Work required:
Retype the listing exactly, with no images.

[Opening Supplied data section]

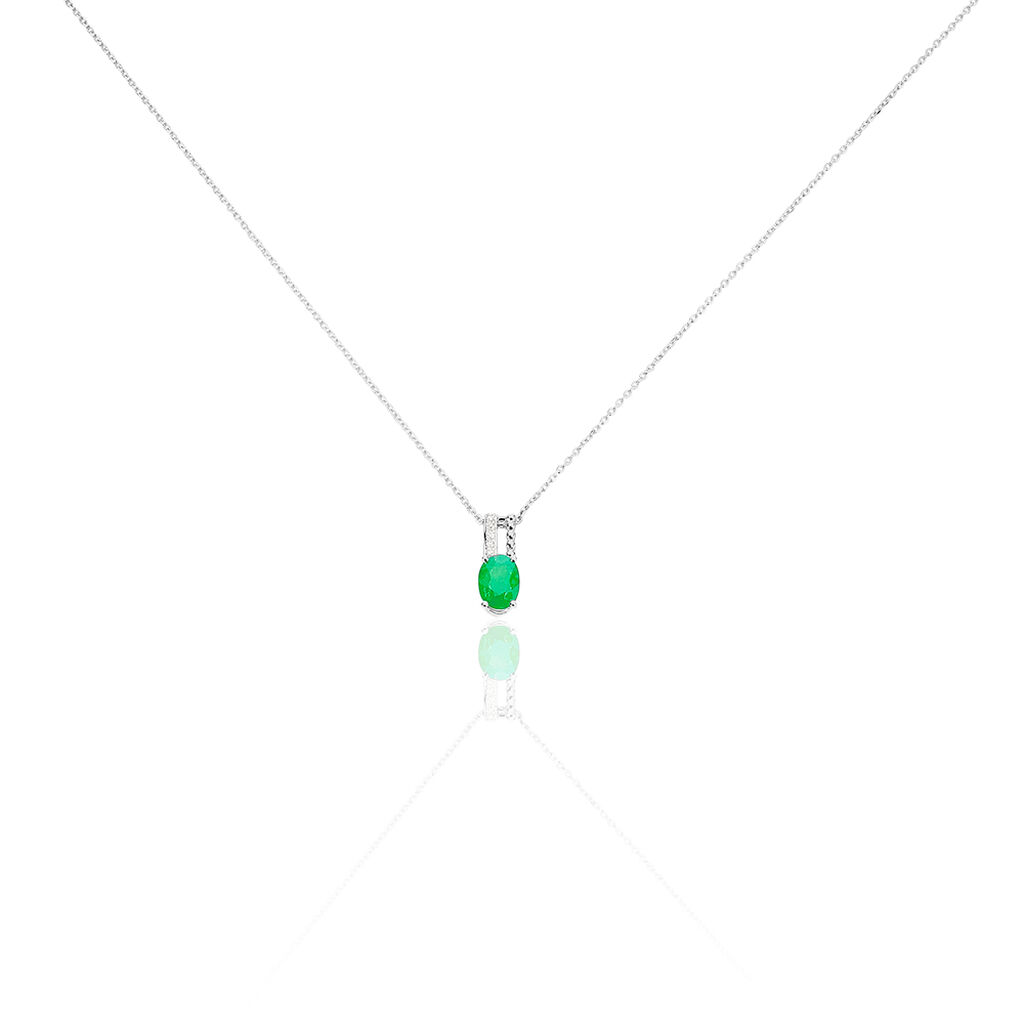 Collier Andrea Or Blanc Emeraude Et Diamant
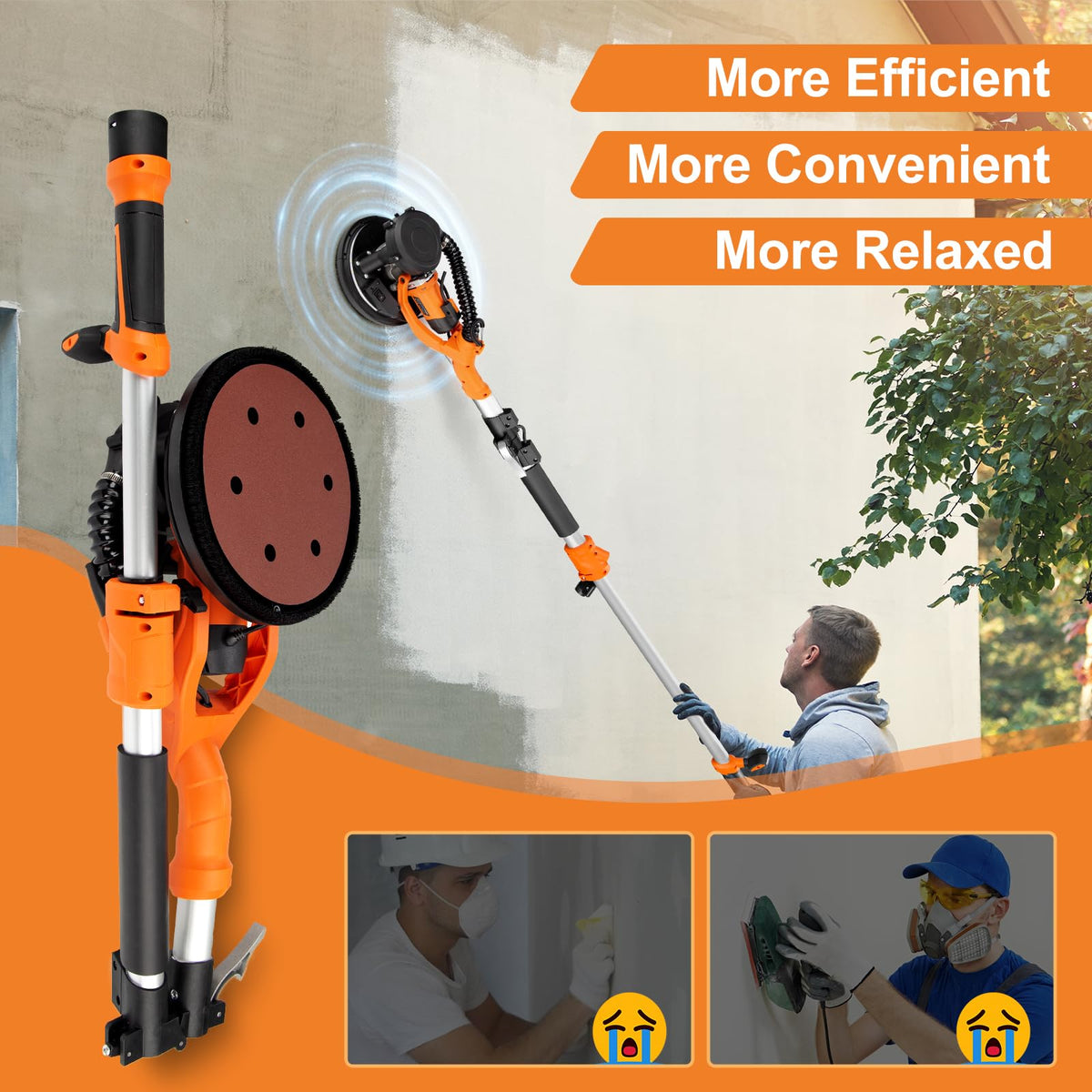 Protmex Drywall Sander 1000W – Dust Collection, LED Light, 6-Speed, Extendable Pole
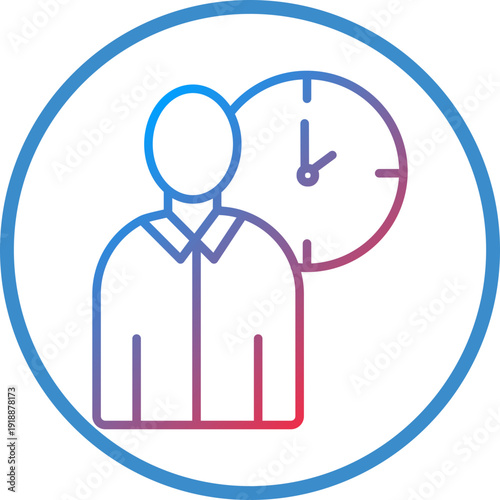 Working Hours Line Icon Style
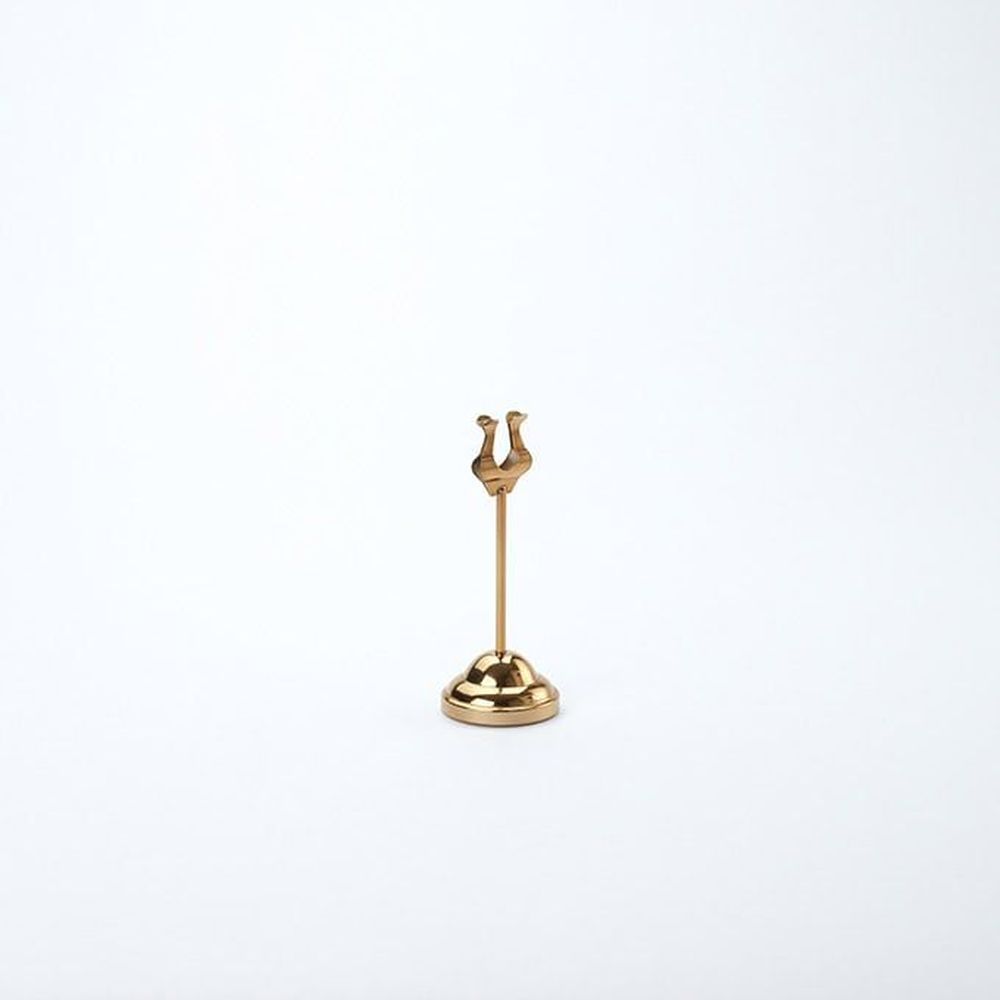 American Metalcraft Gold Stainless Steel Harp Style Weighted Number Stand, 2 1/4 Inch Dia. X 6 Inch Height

[Closing Supplied data section]

Written answer:
 Collier Andrea Or Blanc Emeraude Et Diamant
 Protmex Drywall Sander 1000W – Dust Collection, LED Light, 6-Speed, Extendable Pole
 Working Hours Line Icon Style
 American Metalcraft Gold Stainless Steel Harp Style Weighted Number Stand, 2 1/4 Inch Dia. X 6 Inch Height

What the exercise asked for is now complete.